Recovery in the housing market is on the verge of stalling (is a double-dip near?)



A summary from various news sources:
· With the expiry of an $8,000 tax credit for first-time homebuyers on April 30, new single-family home sales in the U.S. crashed in May.
· Commerce department figures showed on Wednesday that new home sales dropped by 32.7 per cent from April to May to an annual rate of 300,000.
· The monthly fall was also a record, and was nearly twice as severe as Wall Street analysts had predicted.
· Compared with the same month a year ago, new home sales are off by 18.3 per cent.
· Additionally, home prices have now fallen for the past six months, according to the Case-Shiller home-price index.
· Foreclosures have been running at a rate of over 300,000 filings a month for the past 15 months.
· By some estimates, it will take more than eight years of normal sales to clear the stock of houses now held by banks.
· Bloomberg reported that mortgage securities with U.S.-backed guarantees traded at record high prices on speculation homeowner refinancing will fail to accelerate and as supply of the bonds remains limited.

Thoughts:
With the government stimulus drawing down, we now have a reminder of what the housing situation is really like. Other than low interest rates, there are few factors that will provide a boost to the housing market at the moment. This is why the fed has opted to keep interest rates low and will continue to do so (probably at least until early 2011).
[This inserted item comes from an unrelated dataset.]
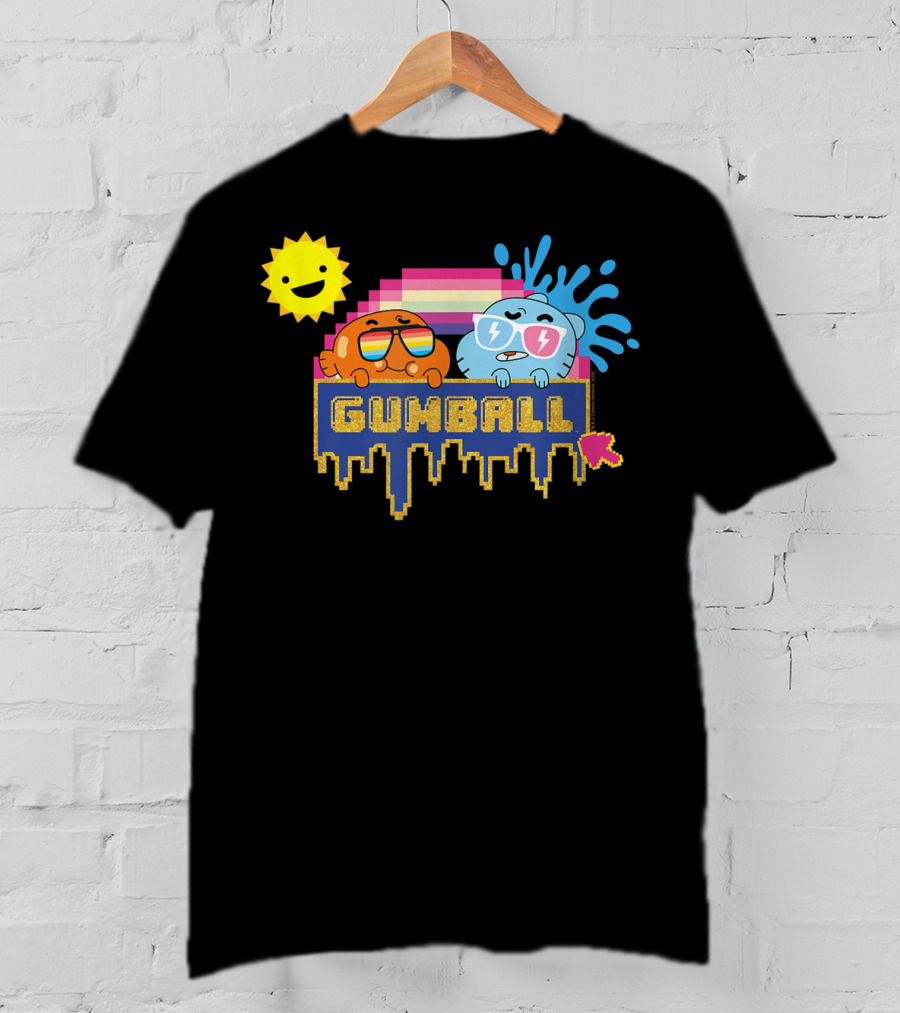 The Amazing World Of Gumball Sunshine Retro Pixel Art Gumball Characters T-Shirt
Housing will continue to be one of the most important indicators for our economy. Many economists argue that the housing market never really recovered in the first place. The rebound that we saw was largely due to artificial support from the government and low interest rates from the fed. Therefore, the best investors and buyers can hope for is a slow and steady improvement in the coming months. The stock market and the entire economy are likely to follow the same slow and steady growth if they are to improve.

Being that housing and labor markets go hand in hand. An improvement in employment and incomes is needed to raise home demand and lift house prices. Poor jobs data in the past month is another sign that the recovery in the housing market is stalling.

Conclusion:
The drop in homes sales is likely a correction, due to the expiring tax credits. I do not expect a double dip in the housing market. However, I do see a long and drawn out recovery that will take years to play out. What will it take in order to see improvements in employment (which will aid housing)? Businesses will need easier access to credit and stronger confidence from consumers.

Daniel A.
Summer Analyst
Analyze Capital LLC

1 comment:

  1. Well done Dan. Quality workmanship. What do you think is the best indicator of a housing recovery? You mentioned jobs and credit as 2.